Your final goal is to write an Activity that targets US 4th grade math curriculum.

Resources

You can try to pick something to address from this curriculum chart on the Sugarlabs Wiki. You are not restricted to using this, but it is an option.

Speaking of, have at least one team member request an account for that wiki. This is a manual process so please begin right away.

You may find the NY State math standards helpful. Pay special note to the 4th grade curriculum (p55-66 in the PDF from circa 2019).

A previous version of the standards has been archived and may be useful for comparison.

Though out-of-date in several respects, this guide to developing a desktop activity for the XO by IBM is a good general overview to using a separate development environment

The Sugarlabs Github organization holds more recent documentation for contributing to Sugar This provides pointers for desktop and web activities.

You may wish to start by building some easy first project examples, Hello World and Sugar quickstart

Steps

Brainstorm project ideas individually

We'll use these ideas for team formation.

Form a team.

Seek a diverse set of skills in your team.

Form around one or two project ideas.

Propose a project.

Be sure to note what curricular components are included. Assign roles to team members.

Track work-in-progress

Create issues. Make commits. Document your work in your journals.

Demonstrate some proof-of-concept

Demonstrate a prototype

Present and demonstrate final game

Team Assessments

  • 200-1000 words per teammate.
  • Indicate what they did to contribute to the project.
  • What skills did they pick up this semester?
  • What skills should they develop further?
  • Give a numeric score (1-10) for them and justify it.
  • These must be emailed to the instructor They will remain private.

Final Presentation

Your presentations should last 10 minutes with another 5 minutes for discussion.

Your team will need to present from the front of the room.

Every member of your team needs to speak for a roughly equal amount of the presentation. Be prepared.

Give a demonstration of your project.

How does the code work?

  • What are some of the best pieces of software you wrote? Why?
  • What are some of the worst pieces? Why?

What stumbling blocks were there? What successes?

What would you have done differently?

What would you have worked on if you'd had more time?

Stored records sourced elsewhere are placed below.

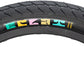 Eclat Morrow Tire - 20 x 2.4, Clincher, Wire, Black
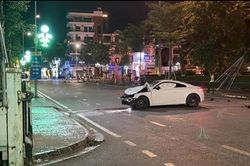 Vụ tai nạn khiến 3 người tử vong ở Bắc Giang: Ma men lái xe là cán bộ Sở Giao thông vận tải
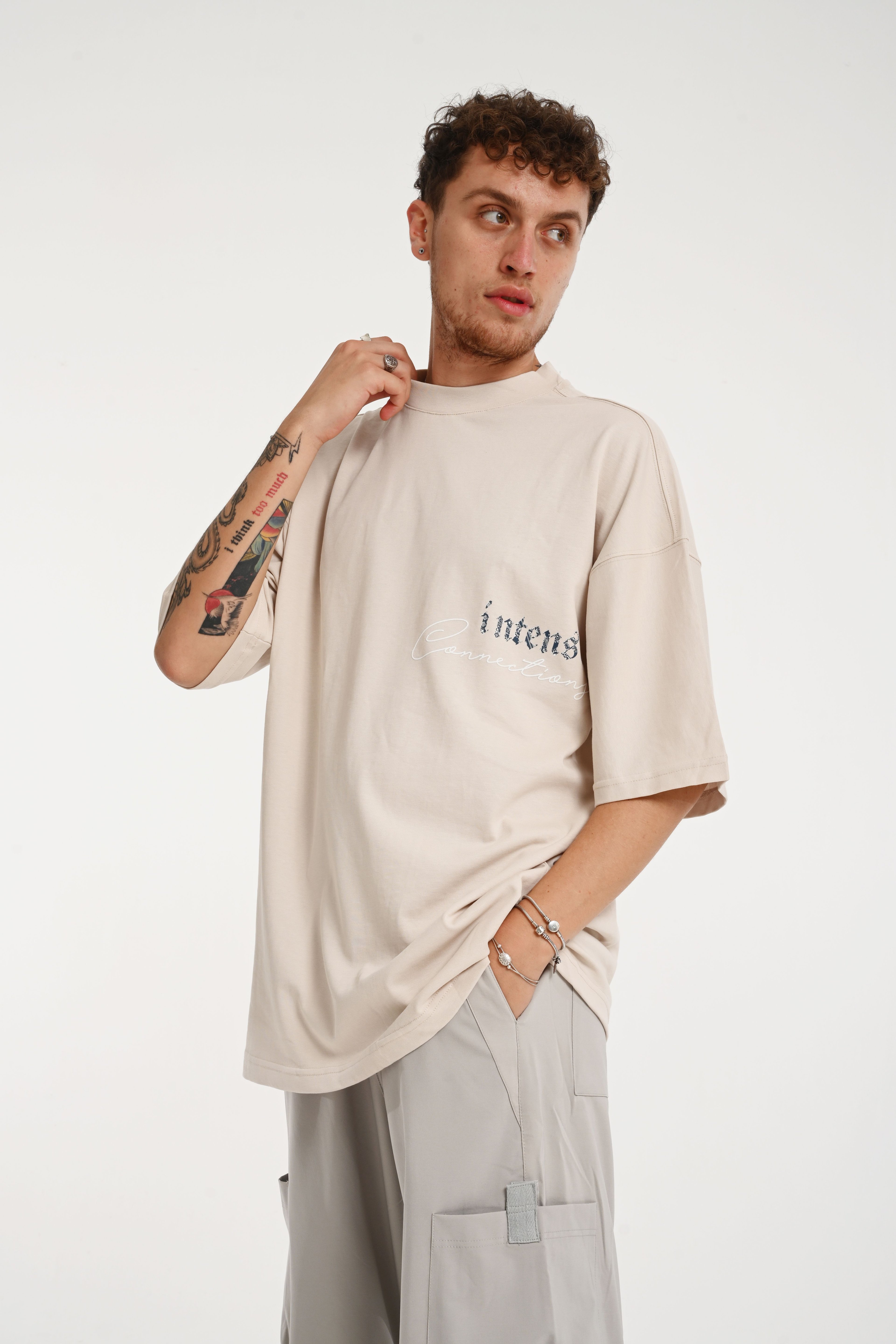 Diffin unisex oversize T-shirt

Your Presentation will be graded on aspects such as:

  • Presentation Skills (Projection, Posture, Body Language)
  • Grammar/Spelling
  • Design (colorschemes, graphics, look/feel)
  • Timing (significantly over/under time limit)
  • Content (quality/quantity of information)
  • Adherence to Guidelines (Did you hit all the bullet points in this list?)

Finished Project

  • Add a fully-fleshed out entry and link to your project information to this wiki page (Use the examples already there as a standard for the quality of your addition): http://wiki.sugarlabs.org/go/Math4Team/RIT/Projects

Your grade here will be derived from the following factors:

  • Is the code clearly licensed under an OSI-compatible license?
  • Does your source repository contain clear written instructions for future developers? (i.e. How to setup their environment to work on your project)
  • What TODO items are left to do?
  • Does it work on python on a normal machine?
  • Does it work on Sugar?
  • Code quality and git commit history.